Generally, the relationship between death and infection rates is nonlinear, with the highest infection rates substantially less lethal. There were exceptions in early 2020 when infections appeared more lethal, and perhaps a lack of “standard medical management” was at play. Most recently, there is essentially no relationship between infection and death rates, and trends have begun to resemble the overall trend line with a longer lag.
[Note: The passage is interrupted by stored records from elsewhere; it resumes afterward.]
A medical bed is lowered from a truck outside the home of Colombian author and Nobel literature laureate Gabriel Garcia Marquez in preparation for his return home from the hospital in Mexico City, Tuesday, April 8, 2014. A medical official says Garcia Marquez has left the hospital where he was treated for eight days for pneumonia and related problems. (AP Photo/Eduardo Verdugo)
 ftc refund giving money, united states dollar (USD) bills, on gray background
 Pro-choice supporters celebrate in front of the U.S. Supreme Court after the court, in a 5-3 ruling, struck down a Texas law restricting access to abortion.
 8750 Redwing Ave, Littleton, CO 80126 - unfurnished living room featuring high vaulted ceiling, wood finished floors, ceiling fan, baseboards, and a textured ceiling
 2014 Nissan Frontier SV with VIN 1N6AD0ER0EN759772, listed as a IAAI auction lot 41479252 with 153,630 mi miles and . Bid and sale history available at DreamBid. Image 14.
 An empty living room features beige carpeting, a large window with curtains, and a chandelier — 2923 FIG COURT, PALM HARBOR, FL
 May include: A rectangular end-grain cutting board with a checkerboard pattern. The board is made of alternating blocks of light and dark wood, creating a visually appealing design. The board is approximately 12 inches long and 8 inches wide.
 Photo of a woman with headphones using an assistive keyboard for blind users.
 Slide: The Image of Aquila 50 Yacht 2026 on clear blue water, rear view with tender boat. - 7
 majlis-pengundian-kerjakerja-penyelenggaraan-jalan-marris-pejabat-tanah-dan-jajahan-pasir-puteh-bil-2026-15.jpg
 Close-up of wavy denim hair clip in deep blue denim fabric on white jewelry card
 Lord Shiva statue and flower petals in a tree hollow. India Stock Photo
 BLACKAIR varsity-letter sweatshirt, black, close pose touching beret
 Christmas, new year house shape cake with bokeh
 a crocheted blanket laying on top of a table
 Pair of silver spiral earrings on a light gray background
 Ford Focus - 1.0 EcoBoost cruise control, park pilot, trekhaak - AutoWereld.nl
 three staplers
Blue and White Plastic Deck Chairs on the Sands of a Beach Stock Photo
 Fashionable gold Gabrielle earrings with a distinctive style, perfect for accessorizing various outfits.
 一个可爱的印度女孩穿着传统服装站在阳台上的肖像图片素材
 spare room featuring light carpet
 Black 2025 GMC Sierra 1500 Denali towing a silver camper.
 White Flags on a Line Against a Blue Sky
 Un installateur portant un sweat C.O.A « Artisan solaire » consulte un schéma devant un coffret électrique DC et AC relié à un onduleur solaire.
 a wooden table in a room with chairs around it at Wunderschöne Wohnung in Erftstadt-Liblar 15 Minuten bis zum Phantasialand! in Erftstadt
The smoothing procedure in the above plots also produced correlation coefficients describing how well the prescribed (quadratic) relationship between deaths and cases fit the data. We used this procedure to examine the temporal variations of lags in more detail during three successive periods using moving averages of single lag days up to 55 days. We found the correlation between cases and deaths robust for the first two periods and substantially lower during the most recent period. The optimum lag intervals expanded with each successive interval, 10-15 days, 25-30 days, and 30-50 days, respectively. The optimum lag for the entire pandemic was about 14 days. The weakened correlation between cases and death for the most recent period suggests that other factors may have been significant.
The lag between infection and death may be considered an inverse measure of infection severity, the ability of the medical system to deal with it, or the patient's resilience. The relationship between cases and fatalities is ever-changing:
- The relationships are substantially nonlinear. Over the entire pandemic, the case-fatality ratio was 1.7% at 100 cases per day but only 0.5% at 2000 cases per day. This trend may reflect the improved treatment of infections, the inclusion of younger patients, or less selective testing.
- Relationships differed substantially between each of the periods.
- The case-death correlation was essentially unchanged from July 2020 to April 2022, notwithstanding concurrent vaccination programs and the arrival of new virus variants.
- Optimum lag periods, aligning cases with mortality, increased from nil to 40+ days over the pandemic.
Lacking other explanations, we will stay with our increasing lag hypothesis and wait for more data.
“If you don’t know where you’ve come from, you don’t know where you’re going.” – Maya Angelou
 The logarithmic scales for the multiple-lag graphs run from 0.32 to 10 for deaths and 32 to 3160 for cases.